- **Problem details**:
Please output the data exactly, minus pictures.

- **Records for this task**:
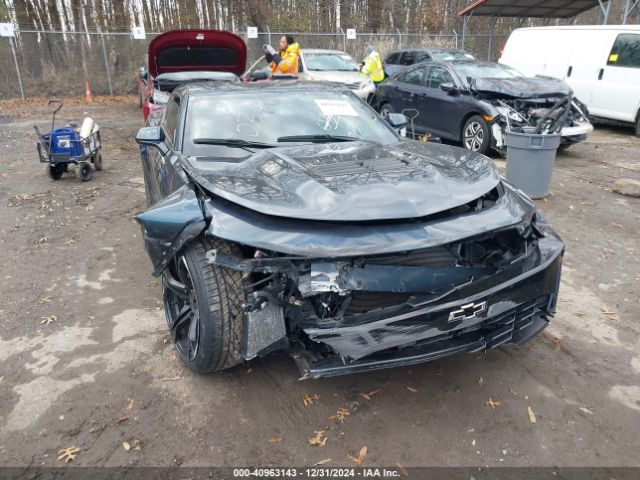 1G1FH1R71K0120314 Chevrolet CAMARO 2SS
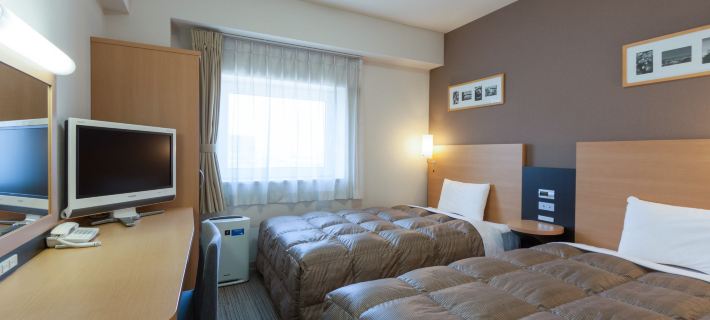 Comfort Hotel Kurosaki Hotels in Kitakyushu City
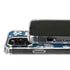 Blue and White iPhone 13 Pro MagSafe Case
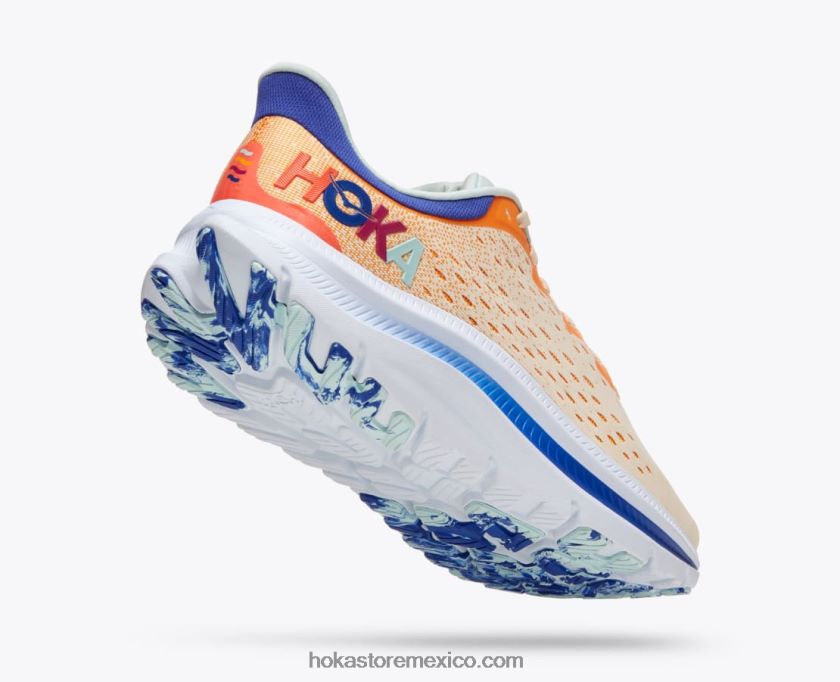 hombres Hoka kawana 62T0RT473 pan corto/azulado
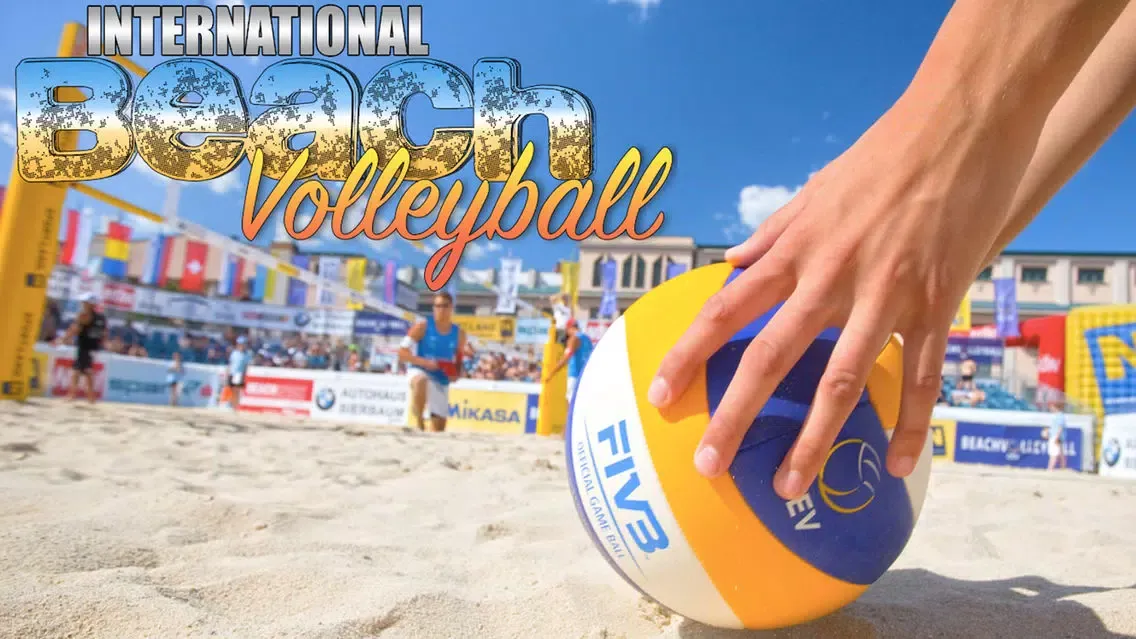 International Beach Volleyball Ekran Görüntüleri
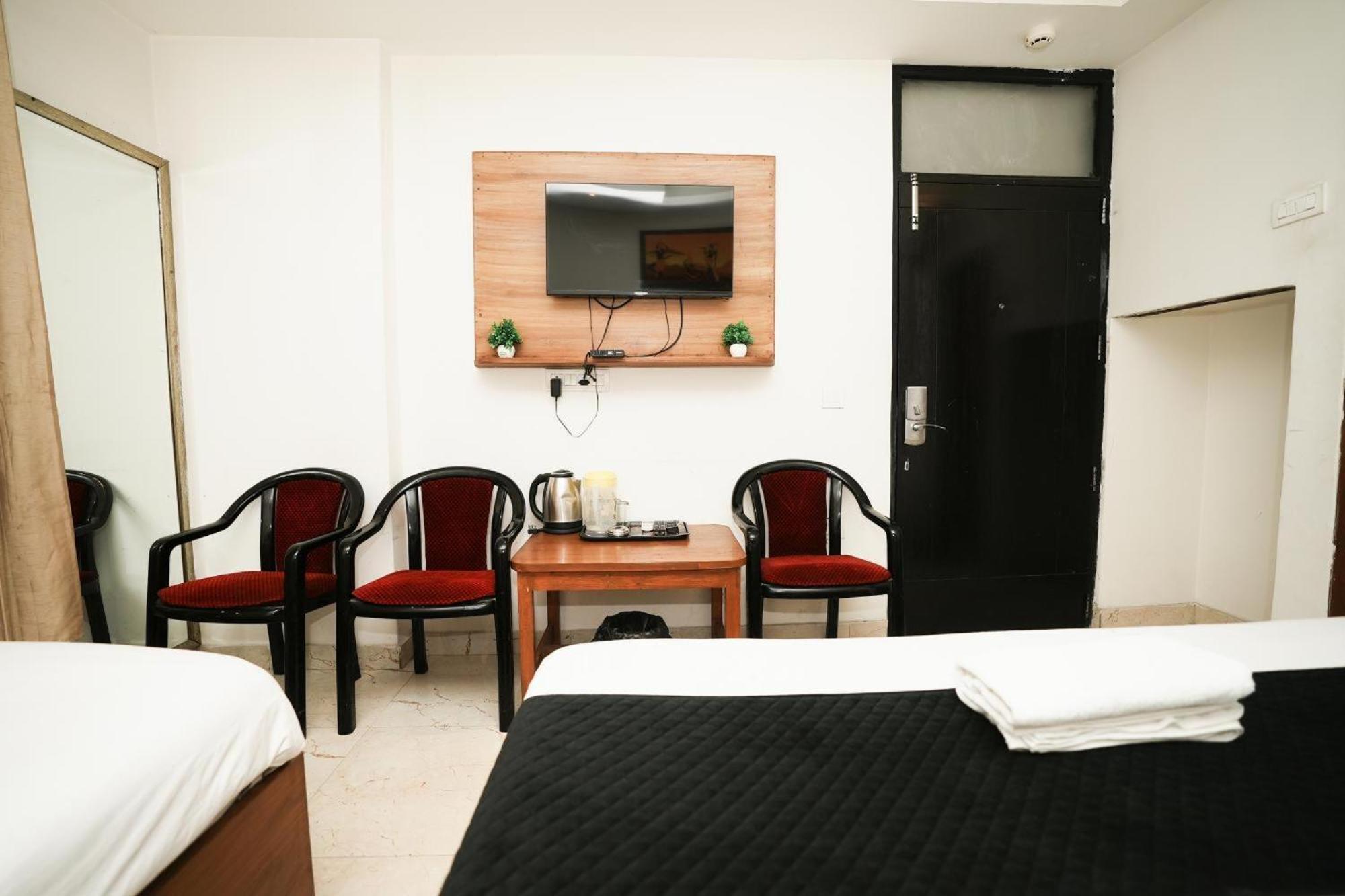 Paradise International By Jmd Group Near Delhi Igi Airport Hotel New Delhi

- **Written response**:
 1G1FH1R71K0120314 Chevrolet CAMARO 2SS
 Comfort Hotel Kurosaki Hotels in Kitakyushu City
 Blue and White iPhone 13 Pro MagSafe Case
 hombres Hoka kawana 62T0RT473 pan corto/azulado
 International Beach Volleyball Ekran Görüntüleri
 Paradise International By Jmd Group Near Delhi Igi Airport Hotel New Delhi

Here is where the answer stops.